The Spanish Segunda club Malaga C.F. has communicated its plans for a collective dismissal procedure that could mean laying off half of their entire first-team squad. The club has acknowledged that this Malaga C.F. dismissal is a last-ditch effort to retain its status in the second division of Spanish football and stave off their ongoing financial crisis, as the administration would otherwise force a relegation into the regionalized Segunda B.
Earlier this month, Málaga had made a narrow escape from relegation into Spain’s third division, a non-professional tier, by finishing 14th in the second division, barely two points ahead of the drop. It had also narrowly missed out on a promotion back to La Liga, the Spanish top-flight in 2019 after being beaten in the play-offs by Deportivo La Coruna.
In a statement released by the club on 24th August, the club said that it had to make some tough decisions in recent months and this time, the restructuring will directly impact the men’s first team.
The management of Málaga Club de Fútbol, S.A.D has communicated to the squad of professional footballers its intention to begin a collective dismissal procedure.Malaga C.F. official statement
This new restructuring policy joins the economic plan that aims to get the Club out of the complicated financial situation which it continues to be immersed in, in spite of recent efforts.
Malaga C.F. said that they had no option but to take this step for the good of the Entity and hopes that the fans and season ticket holders understand the situation and support the decision of the club. The club has also initiated a compensation for each of the season ticket holders. The club believes that this Malaga C.F. dismissal decision will be essential for the restructuring purpose and to create an acceptable & competitive structure with which to return the lost excitement back to the club.
Malaga C.F. dismissal procedure: What caused the crisis?
Since February this year, the club had been embroiled in a financial mess which stemmed from mismanagement, mainly a number of bad financial choices, by its Qatari owner, Sheikh Abdullah Al Thani. The Sheikh and his family owe €7.3M in loans and credit to the club. He was removed from his position as the club president for a six-month period, replaced by a judicial administrator in charge.

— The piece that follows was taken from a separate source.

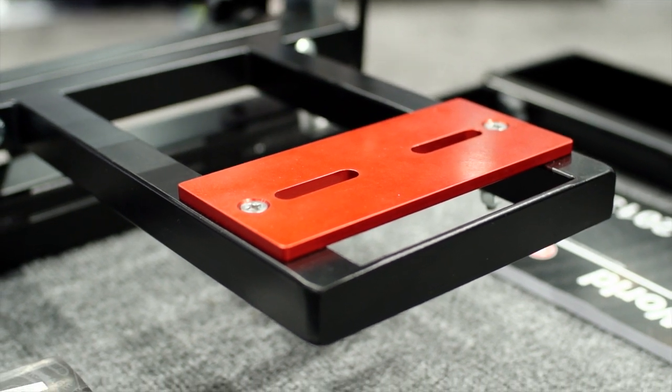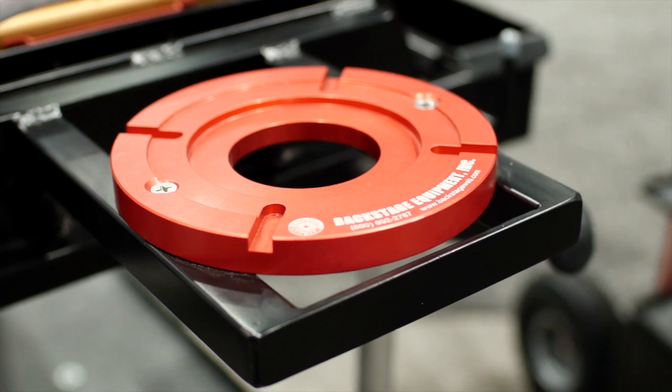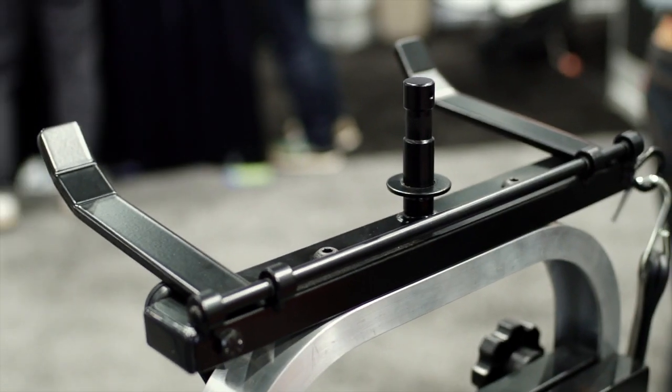The whole system is modular, so what you can do is whatever you need to buy, just get it as you go along. You don't have to buy everything at one time. So for example, this camera system — they'll get a Mitchell mount, a tripod holder, and a utility box to start with.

Due to the advent of COVID-19, football had been suspended throughout the world since March. With revenue shortages putting a dent into their depleting finances, in May, the club released a statement confirming their proposed cutbacks under an employment regulation file, called the ERE, a procedure under Spanish law which allows a company to reduce its workforce in certain circumstances. “The club announces that it has taken the decision to present an employment regulation file for the termination and/or suspension of employment contracts,” the statement read.
Malaga has already been in a steady decline since reaching the UEFA Champions League quarter-finals in 2013, finishing in a much lower position in the league with each passing year. In the wake of Al Thani’s 2010 takeover, at that point, there were already signs of financial problems which worsened before Malaga’s eventual relegation from La Liga in 2018. This Malaga C.F. dismissal has finally put the last pin in the coffin of the financial disaster the club was going through.
Looking Back at the golden years of Malaga
Malaga has had a long record from back when it started as the first football club in the port city of Málaga in 1904. It was promoted for the first time to La Liga after several seasons in the Segunda División in 1949. In its first run in La Liga, Málaga stayed for two consecutive seasons until the first relegation of the club at the end of 1950–51 season, lacking just one point to maintain status. In the subsequent seasons, it achieved two new promotions to La Liga in 1951–52 and 1953–54, being relegated after just one year in both. The 1952–53 season was notable because of a brilliant 6–0 display against Real Madrid at La Rosaleda. Málaga promoted once again in 1969–70 under the command of chairman Antonio Rodríguez López and coach Jenő Kálmár, to begin on a five-year top-flight stay.
In the early 2000s, Málaga stood strong as a club full of top quality players. Although they never pushed for a Champions League place, it was successful under the popular Joaquín Peiró. They won the UEFA Intertoto Cup in 2002, securing their only official trophy by defeating Gent, Willem II and Villarreal. They also reached the quarter-finals in 2002-03 UEFA Europa League. In 2012, the club qualified for the Champions League after finishing 4th in the 2011-12 La Liga campaign. They reached the quarter-finals, but the second leg was marked by controversial referee decisions in a highly anticipated tie against the then German champions, Borussia Dortmund. The scoreboard displayed 1-2 at the full 90 minutes mark, but two late goals by Marco Reus (90+1′) and Felipe Santana (90+3′) turned the table in favour of the eventual runner-ups.